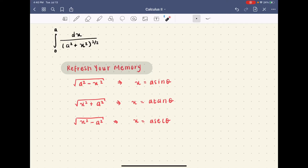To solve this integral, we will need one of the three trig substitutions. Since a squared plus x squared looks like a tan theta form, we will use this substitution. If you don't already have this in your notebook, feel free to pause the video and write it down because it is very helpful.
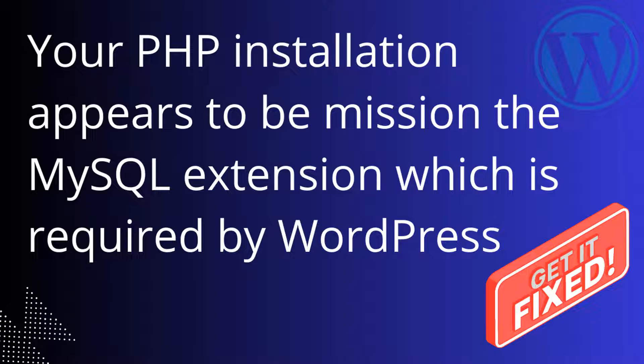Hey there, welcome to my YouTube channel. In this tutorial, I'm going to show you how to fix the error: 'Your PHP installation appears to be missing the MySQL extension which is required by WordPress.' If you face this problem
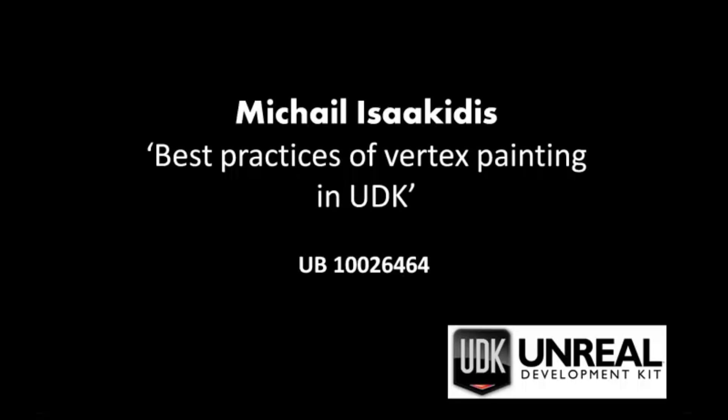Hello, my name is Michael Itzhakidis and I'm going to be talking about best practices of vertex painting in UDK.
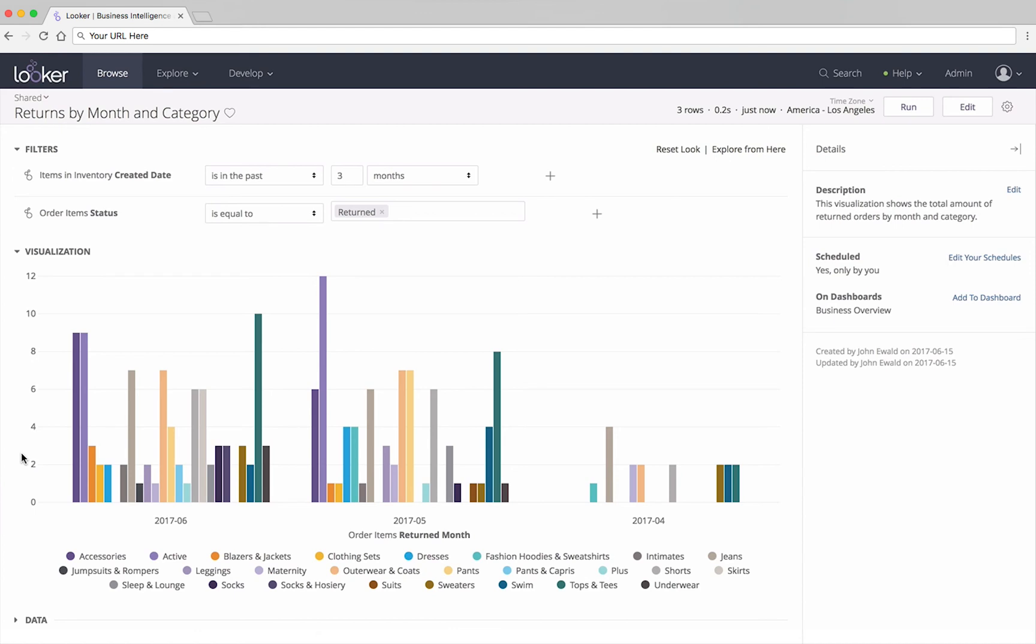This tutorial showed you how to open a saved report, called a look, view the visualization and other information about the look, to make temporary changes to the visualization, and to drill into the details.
○ ○ ○ ○
Leaving the pictures behind, return every line above exactly.

To solve this integral, we will need one of the three trig substitutions. Since a squared plus x squared looks like a tan theta form, we will use this substitution. If you don't already have this in your notebook, feel free to pause the video and write it down because it is very helpful.
Hey there, welcome to my YouTube channel. In this tutorial, I'm going to show you how to fix the error: 'Your PHP installation appears to be missing the MySQL extension which is required by WordPress.' If you face this problem
Hello, my name is Michael Itzhakidis and I'm going to be talking about best practices of vertex painting in UDK.
This tutorial showed you how to open a saved report, called a look, view the visualization and other information about the look, to make temporary changes to the visualization, and to drill into the details.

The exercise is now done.